R. Chi si iscrive ai CPIA ha preso già la decisione di rimettersi in gioco. La Scuola del Popolo si rivolge, invece, ad un’altra platea, ad altre persone. Si rivolge a coloro che hanno rinunciato, che hanno alzato le braccia e si sentono respinti da una società per la quale si sentono inadeguati. Queste persone non si sono iscritte ai CPIA e purtroppo non si iscriveranno. La Scuola del Popolo, al contrario, può favorire la presentazione, l’illustrazione e le potenzialità dell’istruzione per gli adulti in stretta sinergia con i docenti dei CPIA. Un aiuto per recuperare anche queste persone quindi, e orientarle verso una ritrovata autostima e magari verso una ripresa dello studio.
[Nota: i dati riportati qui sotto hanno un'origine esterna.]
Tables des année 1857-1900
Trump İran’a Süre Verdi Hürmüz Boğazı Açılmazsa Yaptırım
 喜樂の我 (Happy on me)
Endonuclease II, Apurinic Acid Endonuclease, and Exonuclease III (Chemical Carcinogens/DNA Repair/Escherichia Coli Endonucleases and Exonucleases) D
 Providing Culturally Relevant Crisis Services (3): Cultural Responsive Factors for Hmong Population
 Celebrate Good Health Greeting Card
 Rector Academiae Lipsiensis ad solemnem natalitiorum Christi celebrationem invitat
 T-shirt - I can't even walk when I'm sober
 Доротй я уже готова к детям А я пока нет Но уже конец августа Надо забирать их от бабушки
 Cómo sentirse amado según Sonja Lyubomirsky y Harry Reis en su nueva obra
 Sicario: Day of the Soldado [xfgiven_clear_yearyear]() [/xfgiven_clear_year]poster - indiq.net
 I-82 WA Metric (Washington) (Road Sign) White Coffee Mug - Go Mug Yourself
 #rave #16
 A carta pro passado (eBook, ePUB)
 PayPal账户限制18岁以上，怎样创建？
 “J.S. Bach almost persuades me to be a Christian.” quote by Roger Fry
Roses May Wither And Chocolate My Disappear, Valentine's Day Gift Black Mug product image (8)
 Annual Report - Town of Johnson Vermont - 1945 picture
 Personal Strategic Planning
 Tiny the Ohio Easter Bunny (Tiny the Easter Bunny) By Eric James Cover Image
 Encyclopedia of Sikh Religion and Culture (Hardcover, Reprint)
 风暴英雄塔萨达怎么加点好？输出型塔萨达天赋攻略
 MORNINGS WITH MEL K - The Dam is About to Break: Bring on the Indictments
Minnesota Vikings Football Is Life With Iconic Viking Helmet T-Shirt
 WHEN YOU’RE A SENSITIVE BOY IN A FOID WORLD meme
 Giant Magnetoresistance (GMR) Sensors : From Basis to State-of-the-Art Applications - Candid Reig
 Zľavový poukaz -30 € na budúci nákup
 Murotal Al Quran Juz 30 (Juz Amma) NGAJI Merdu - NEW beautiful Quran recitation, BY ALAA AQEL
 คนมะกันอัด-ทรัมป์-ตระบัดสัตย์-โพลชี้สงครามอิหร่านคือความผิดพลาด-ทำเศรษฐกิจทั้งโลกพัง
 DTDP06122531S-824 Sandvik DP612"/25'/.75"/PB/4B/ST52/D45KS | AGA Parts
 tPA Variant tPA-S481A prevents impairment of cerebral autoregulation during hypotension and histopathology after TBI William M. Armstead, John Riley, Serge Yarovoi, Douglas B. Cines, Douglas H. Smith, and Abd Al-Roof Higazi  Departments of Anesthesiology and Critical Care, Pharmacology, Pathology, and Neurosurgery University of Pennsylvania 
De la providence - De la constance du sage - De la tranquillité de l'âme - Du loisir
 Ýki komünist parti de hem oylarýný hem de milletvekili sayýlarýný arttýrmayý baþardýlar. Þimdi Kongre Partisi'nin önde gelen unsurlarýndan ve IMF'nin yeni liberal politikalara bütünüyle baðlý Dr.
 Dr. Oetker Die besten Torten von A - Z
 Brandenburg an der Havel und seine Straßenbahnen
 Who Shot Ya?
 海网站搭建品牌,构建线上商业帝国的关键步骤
D. Perché occuparsene? Cosa c’entra la CGIL?
R. Perché l’obiettivo è favorire la ripresa del gusto a discutere. Il confronto odierno, oggi mediato dai social, sta impoverendo relazioni e impigrendo le intelligenze. La nostra Scuola del Popolo mira a diventare un antidoto contro l’attuale dibattito politico fatto di slogan e le semplificazioni che hanno sostituito il ragionamento e l’analisi. Questo va combattuto con la discussione, con l’amore all’approfondimento, con il gusto a scavare dentro le cose. Stiamo parlando di una piccola rivoluzione culturale che non può che nascere dalla CGIL e dalla sua organizzazione.
D. Esiste il pericolo di sovrapposizioni di attività all’interno della CGIL?
R. La platea cui ci si rivolge è quella per la quale sino ad oggi non hanno funzionato gli strumenti messi in campo dallo SPI o dall’Auser. Se una persona ha già uno stimolo a partecipare è facile che già sia impegnata o coinvolta in iniziative svolte egregiamente dall’Auser o dalla SPI. La Scuola del Popolo non si rivolge a loro ma agli ultimi, a coloro che si sentono perdenti. Sono quelli che nelle Camere del Lavoro si conoscono bene; quelli che vengono a chiedere aiuto e non vengono attratti da iniziative culturali già in essere. Sono persone che bisogna avvicinare e coinvolgere con strumenti nuovi. Questa attività vuole integrare e arricchire l’attività politica della CGIL allargando la platea delle potenziali persone interessate, non certo ostacolare o duplicare sforzi di altri. Pensiamo, in effetti, ad un gioco di squadra che ampli le possibilità complessive della CGIL senza creare sovrapposizioni o duplicazioni delle iniziative, ma favorendo sinergie e collaborazioni con il sistema CGIL.
D. Si parla di un ritorno al passato del sindacato. Perché?
R. perché il modello da cui nasce la Scuola del Popolo va cercato nelle origini del sindacato, nelle società di Mutuo Soccorso basate su principi fondamentali come quello della solidarietà e della Mutualità. Chi può dare, si mette a disposizione degli altri in termini solidaristici, volontari e gratuiti.
D. È una “mission impossible”?!
R. Forse. Ma se non si inizia mai e nessuna organizzazione, soprattutto di sinistra, prende l’iniziativa … La CGIL ha dalla sua una solida cultura organizzativa e strutture presenti e ramificate su tutto il territorio. Di fatto è l’unica organizzazione che può farlo.